"Women who made it 'home'": an exploratory study of the experiences of cognitively well women living in long-term care with cognitively impaired older adults
Keating, Bonnie M.
The meaning of ‘home’ for older adults in long-term care (LTC) settings is not well understood. Furthermore, how living with cognitively impaired older adults may affect the meaning of ‘home’ is under researched. The goal of this study was to explore how living with cognitively impaired older adults affects the meaning of ‘home’ for cognitively well female older adults residing in LTC. A convenience sample of eleven female cognitively well older adults was selected from four LTC settings in Winnipeg, Manitoba, Canada.
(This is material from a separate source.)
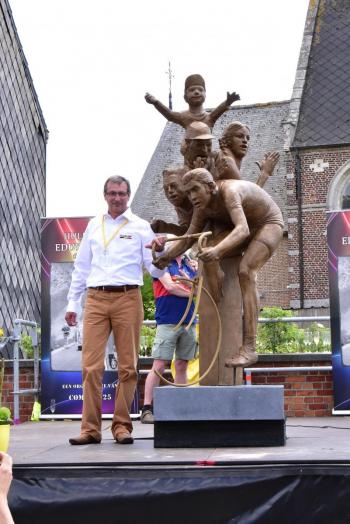 Luc De Blick met standbeeld Eddy Merckx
The eleven women were interviewed to determine their meaning of ‘home’ prior to and following placement in the LTC setting. Two key questions posed to the women were, “Do you consider (name of LTC setting) to be ‘home’?” and “How does living with confused people affect the meaning of home?” Eight of the women considered the LTC setting where they reside to be ‘home’. Nine of the women indicated that living with cognitively impaired older adults does not affect their meaning of ‘home’. These findings suggest two things. First, that most cognitively well female older adults create a new ‘home’ for themselves when they move to the LTC setting. Second, that many cognitively well female older adults demonstrate compassion and acceptance of living with fellow residents who have cognitive impairment and may exhibit disruptive behaviours.